My Corset Story - Becoming a Master Corsetière
My ‘about’ page is so formal, here’s a bit more of my back-story - how I got into making corsets, and why I made it my business.
I started my corset making journey 20 years ago when I worked at Keble College, Oxford as a Conference Manager (yes, I did all the weddings there!) … One day, the Housekeeper came into the office and told me she was going to a fancy dress party dressed as Dorothy from The Wizard of Oz, and that the outfit would comprise of a short gingham skirt, and a matching Corset. I was intregued! She told me that she had purchased a corset kit from the internet, and told me where. I bought one immediately and from that moment was hooked!
My first corset was an absolute disaster!
After a few attempts, I started getting wearable results and I started making my own corsets to wear at alternative clubs in London - Slimelight, Torture Garden, Club Rub, Skin II, Lady Luck, etc. I soon became obsessed with modern corsetry and it’s potential for endless creativity.
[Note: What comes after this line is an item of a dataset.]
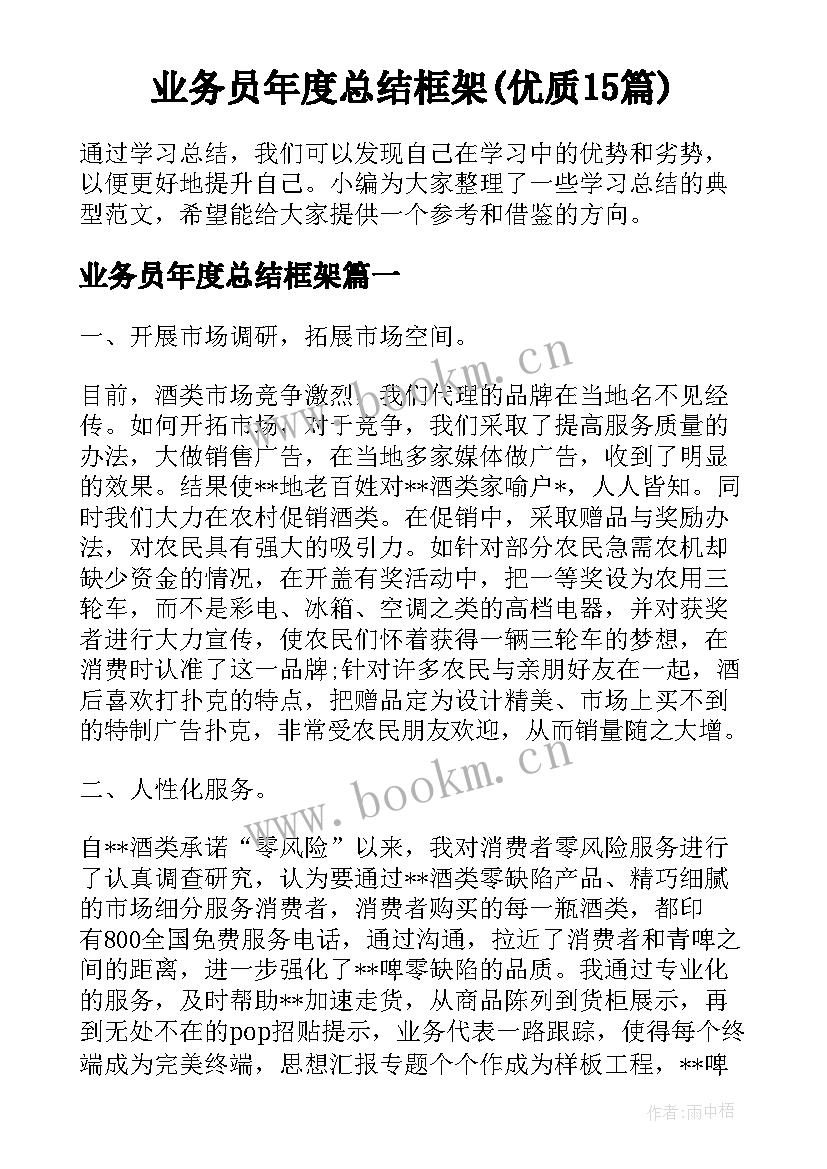 业务员年度总结框架(优质15篇)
This was the third corset I made!
In those days the only way you could make a corset was with a historical pattern - these weren’t ideal for many reasons - the fit for the modern body is all wrong, the bust lines too low, the shape, designed for theatre, the shape boring. So over the next few years I made it my mission to discover how to make a dramatically shaped modern corset.
Back then, information was scant, and there were no teachers. There were Yahoo Groups who promised to teach all the secrets, but they were guarded heavily - you practically had to sell your first born to gain access. This was the days before facebook, insta, even smart phones! Blogs were king but there were no corsetry blogs, until I started mine which I called “Marmalade Kiss” (a name I procured from a burlesque name generator!).
In my quest to help myself learn corsetry, and help others, because information was so secretive, I started an online shop selling corset making supplies. The foundation of the shop was step by step tutorials in corset making and how to use the components. The shop was called “Sew Curvy” with the strap line “Make a Corset, Discover a Passion”.
The tutorials at Sew Curvy attracted the attention of a publisher who enabled me to make my name writing a book “Corset Making - from beginners to intermediate” which was published in 2012 and is now a standard reference work - meaning it sells more and more copies each year!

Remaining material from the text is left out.